This 43-year-old male has been experiencing “stuttering chest discomfort” for about 12 hours. He now presents to the emergency department in severe pain (10/10). His general appearance is that of a very ill individual. He is pale and slightly diaphoretic.
PMHx: NIDDM, hypertension, hypothyroidism
Medications: Januvia 100 mg daily, Metformin 500 mg bid, and Lisinopril 20 mg daily.
Upon arrival in the emergency department, his BP is 102/64 with a pulse of 64. His respirations are 28 and slightly labored with a pulse ox saturation of 92% on room air. The monitor reveals a sinus rhythm with a 1st degree AV block with a rate of 64. His 12-lead ECG is below.
If you said you quicken your steps and your heart rate goes up a little after seeing this ECG you would be absolutely correct! This is a large anterior lateral myocardial infarction with a very high risk for cardiac arrest from ventricular fibrillation. If you look at the rhythm strip you notice that the rhythm is regular with P waves before each QRS. However, the PR interval is in excess of .20 seconds (0.24) which makes this a 1st degree AV block. ST elevation is evident in Lead I, aVL, V5 and V6 lateral wall). ST elevation is also present in V1, V2, V3, and V4 (anterior wall). This completes the diagnosis of anterior lateral wall myocardial infarction.
If you look at Leads II and III, you will notice ST depression, or reciprocal changes. These changes are less obvious in the aVF lead. This reflects the inferior wall attempting to work harder in order to make up for the damaged anterior wall. Due to the large amount of heart muscle at risk here, this patient is at risk of cardiogenic shock. We must act quickly to restore blood flow to this vessel.
At this point, everything we do should have one goal in mind. Getting him to the cardiac catheterization laboratory where his coronary artery can be opened and blood flow can be restored. How this man does going forward is going to depend on how much of his heart muscle dies during this event. That is a result of only one thing. How long this blood vessel remains closed. There are some things we want to get done while we await the cath lab.
First and foremost, this patient should receive 325mg of Aspirin. Plavix 300mg PO as a loading dose is standard practice in most facilities. He should be placed on oxygen 4 Liters via nasal cannula that should be titrated to maintain a saturation between 94% and 99%. Although nitroglycerin can be considered, it should be done with caution because his systolic blood pressure is barely 100 mmHg. We should be dealing aggressively with his pain. This can be done using ,morphine sulfate 2–5mg every few minutes, or fentanyl 25 mcg to 50 mcg every few minutes titrated to pain reduction. The cardiac catheterization laboratory personnel arrive and take him to the catheterization laboratory. The following is his initial angiogram.
This is an RAO Caudal view of the left coronary system. It reveals a totally occluded left anterior descending artery (LAD) and left circumflex obtuse marginal branch. The LAD is a very large blood vessel that is responsible for blood flow to most of the anterior wall of the heart. This is a very large infarction. Without intervention, death is the likely outcome of this type of occlusion. As you can see below, the patient’s right coronary artery that is responsible for circulation to the inferior wall of the heart is patent and continues to supply blood flow to that portion of the heart muscle.
A small wire (0.14”) is advanced through the clot blocking the artery. A balloon and thrombectomy device (designed to suck clot out of the blood vessel) is passed over the wire and down the vessel. The thrombus is removed from the vessel. The following image shows the device and the amount of clot that could be removed from the vessel.
The patient reports a big improvement in his pain shortly after the balloon is deflated. In fact, his pain is almost gone. A stent is placed at the site of the occlusion and final angiography is performed.

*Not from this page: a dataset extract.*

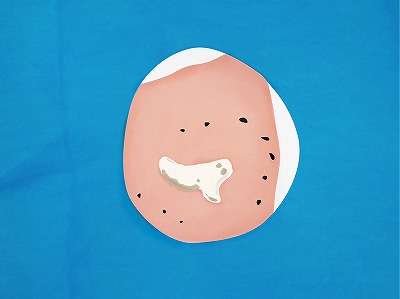 従来の治療方法 手順6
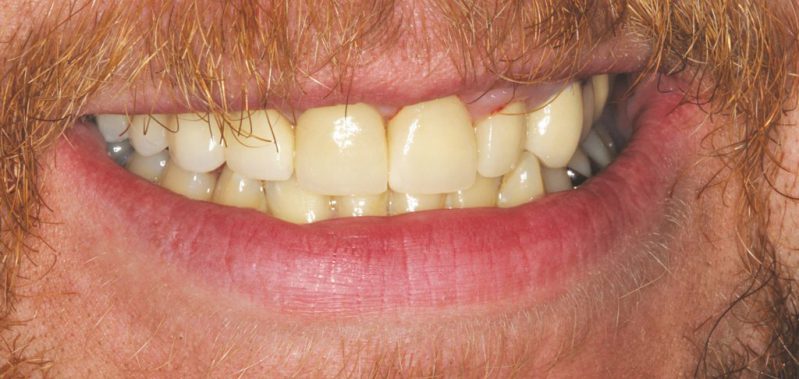 smile gallery photo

You can see from the above angiogram that blood flow has been restored to a large amount of heart muscle by opening the left anterior descending artery that was occluded when this gentleman came into the emergency department. He will be maintained on Plavix 75 mg daily. A nitroglycerin drip may be used to reduce the workload on his heart for a couple of days. In addition, he will be placed on a beta blocker to decrease the workload and decrease the chance of re-infarction in the future. An ACE Inhibitor and a Statin will probably be part of his discharge regimen.
Good job, this man’s life was likely saved because of your fast diagnosis and actions when he came into the emergency department. The goal is to open the blood vessel within 90 minutes of his arrival. The goal is to reach patients within 120 minutes of the time that the blood vessel occludes. This usually correlates with the time of first symptom. In this man’s case, he remained at home for many hours with stuttering pain. This may impact how well he does going forward.